Web page caption snippets:
========

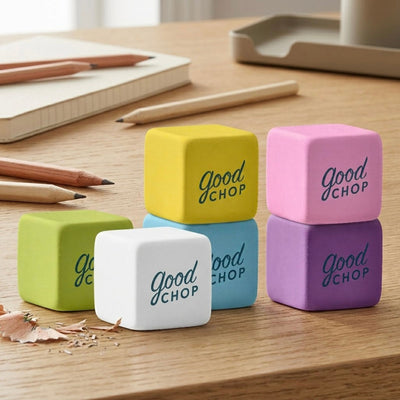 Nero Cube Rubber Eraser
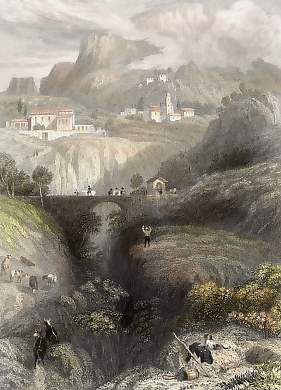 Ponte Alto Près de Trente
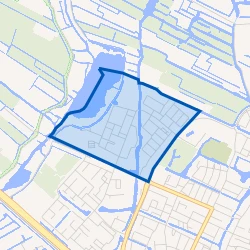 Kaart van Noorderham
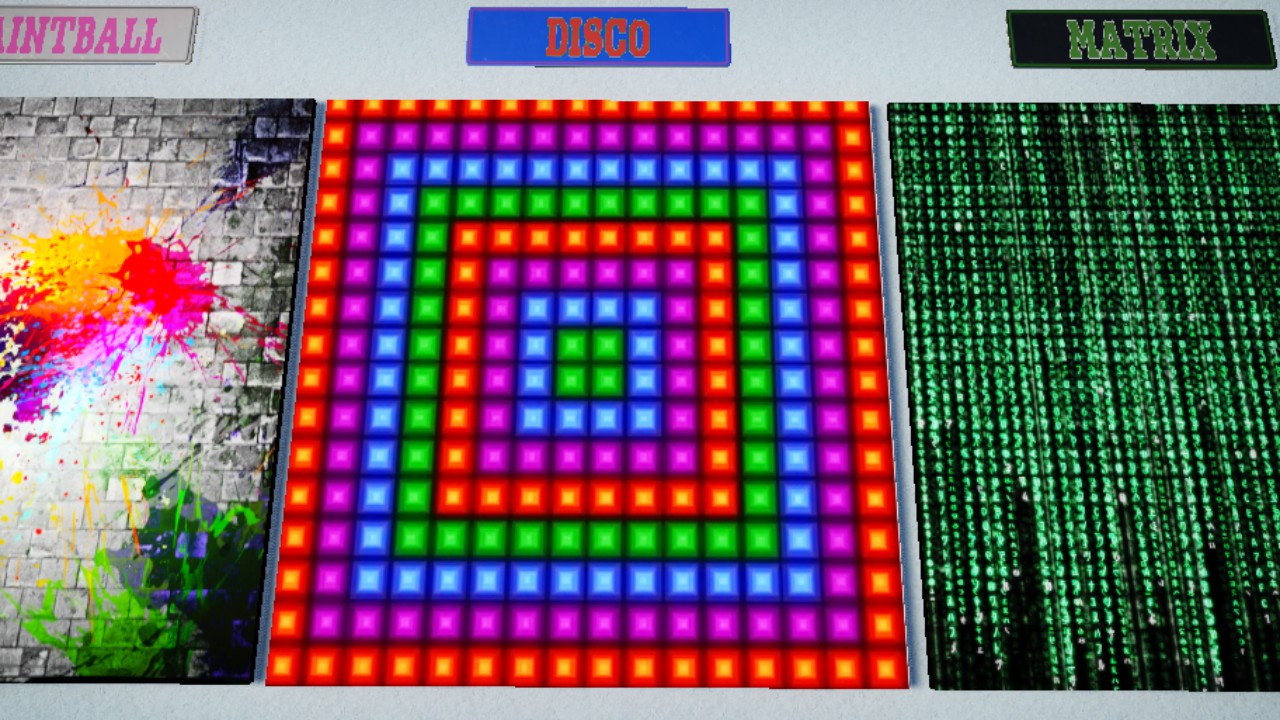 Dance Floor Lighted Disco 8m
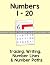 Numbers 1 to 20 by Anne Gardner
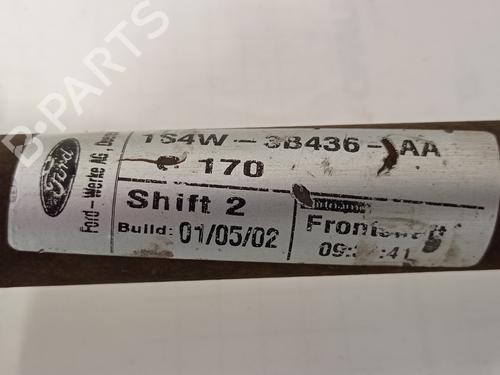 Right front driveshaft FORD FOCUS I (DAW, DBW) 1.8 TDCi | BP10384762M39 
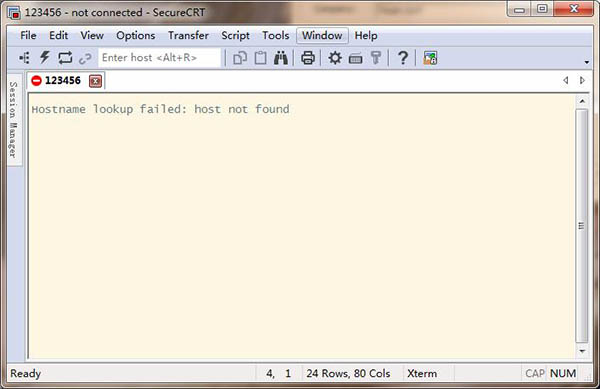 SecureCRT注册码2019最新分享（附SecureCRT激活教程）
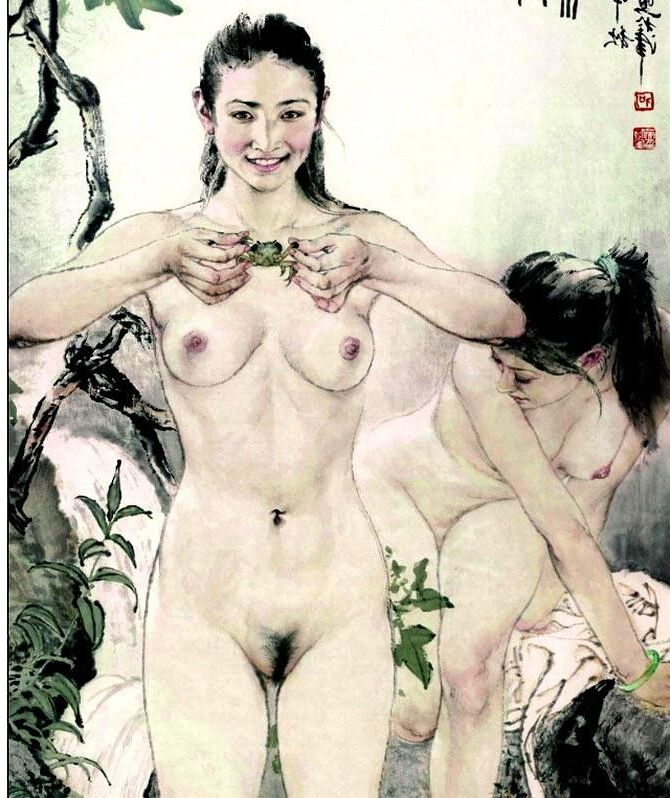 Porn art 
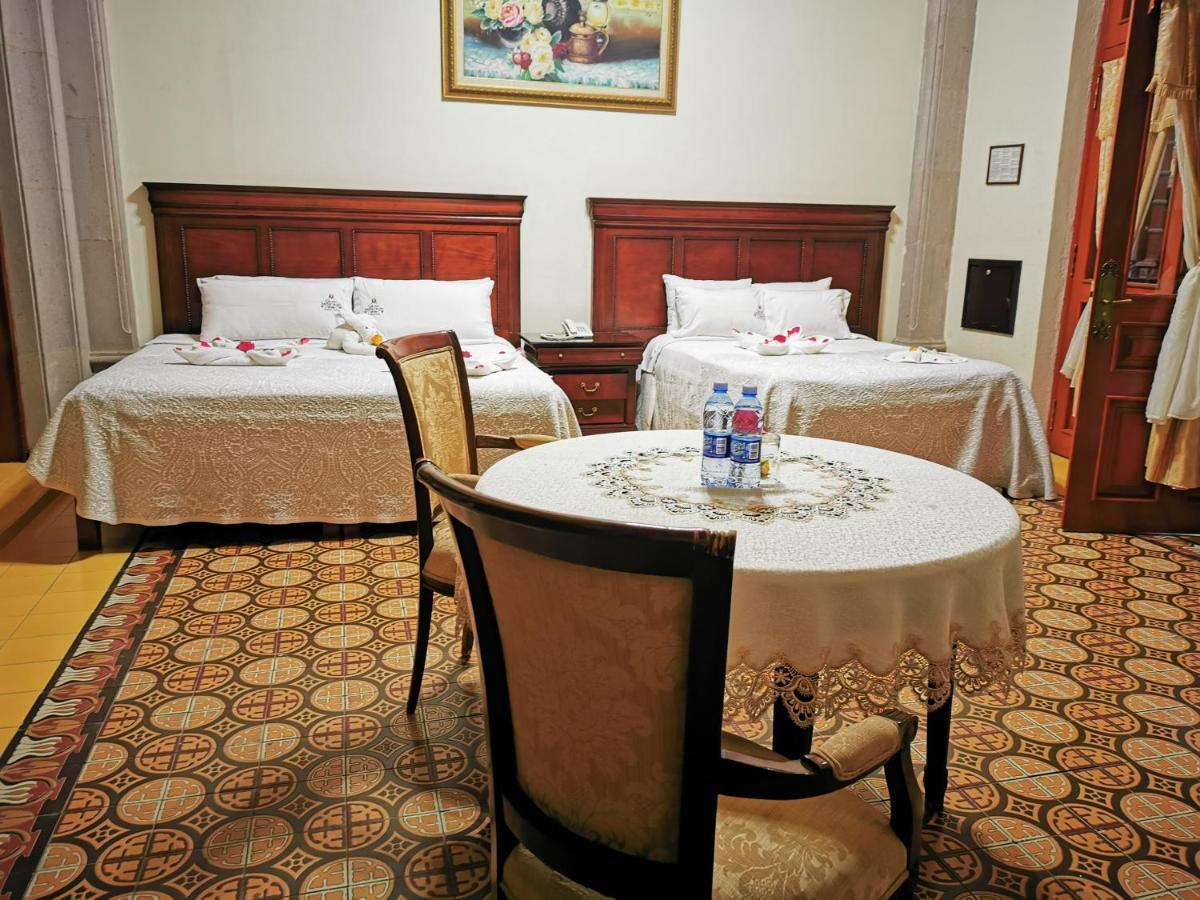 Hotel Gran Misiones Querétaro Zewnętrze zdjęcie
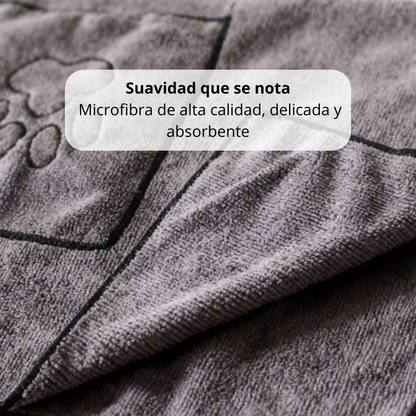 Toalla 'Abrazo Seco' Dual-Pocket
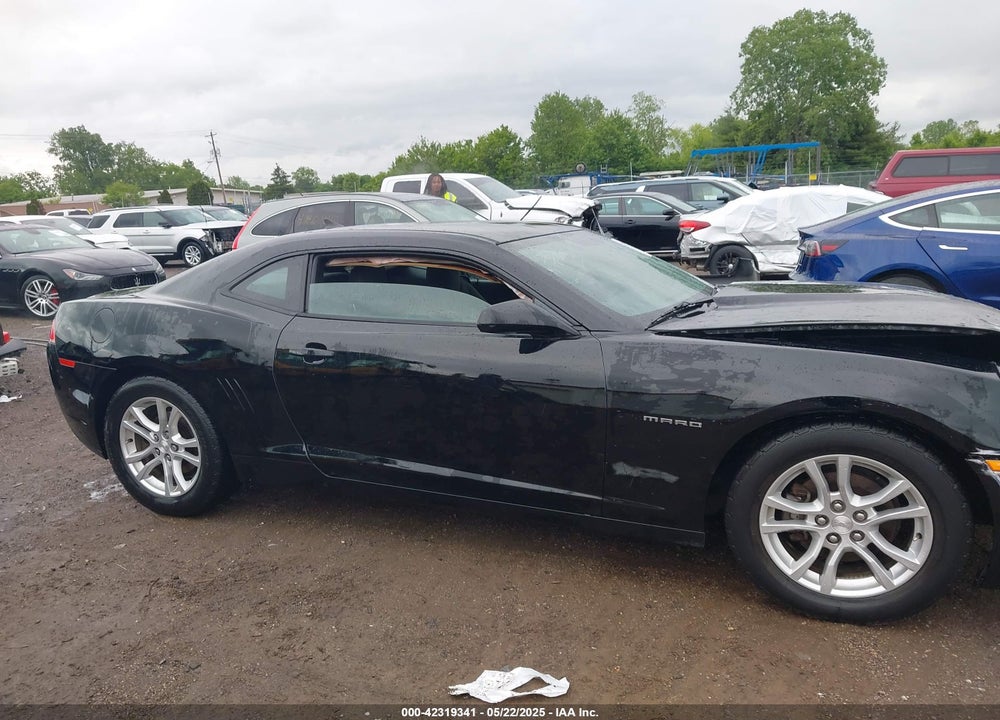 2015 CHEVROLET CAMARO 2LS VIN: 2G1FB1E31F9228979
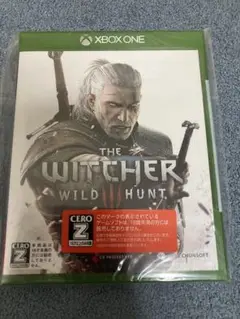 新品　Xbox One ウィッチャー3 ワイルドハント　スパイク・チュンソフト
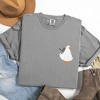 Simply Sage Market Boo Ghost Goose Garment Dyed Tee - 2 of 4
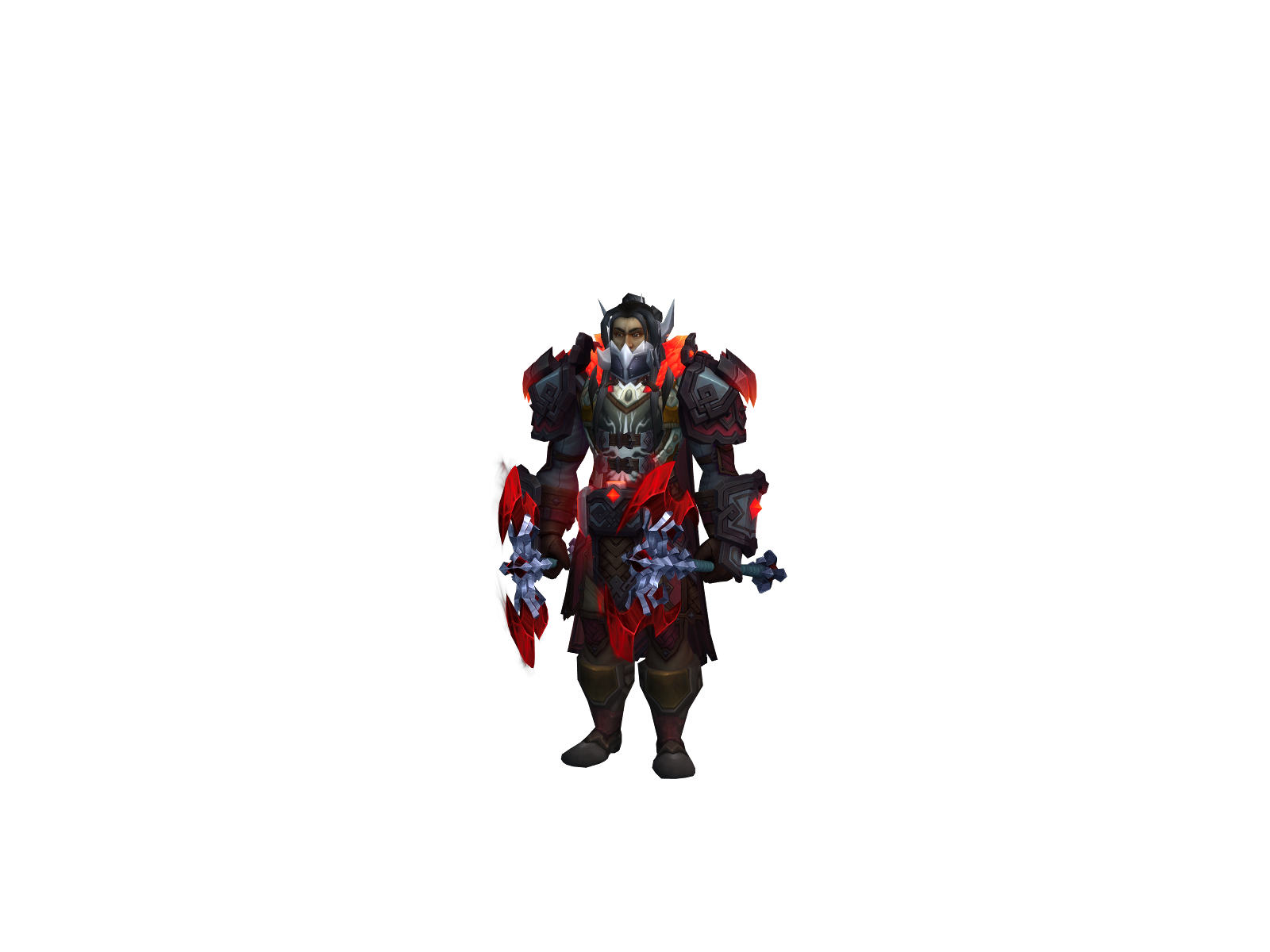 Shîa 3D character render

========

- _Work item_
Copy the lines starting at the line that contains "Hotel Gran Misiones" and running to the final line of the entries, inclusive; omit all pictures.

- _Expected output_
 Hotel Gran Misiones Querétaro Zewnętrze zdjęcie
 Toalla 'Abrazo Seco' Dual-Pocket
 2015 CHEVROLET CAMARO 2LS VIN: 2G1FB1E31F9228979
 新品　Xbox One ウィッチャー3 ワイルドハント　スパイク・チュンソフト
 Simply Sage Market Boo Ghost Goose Garment Dyed Tee - 2 of 4
 Shîa 3D character render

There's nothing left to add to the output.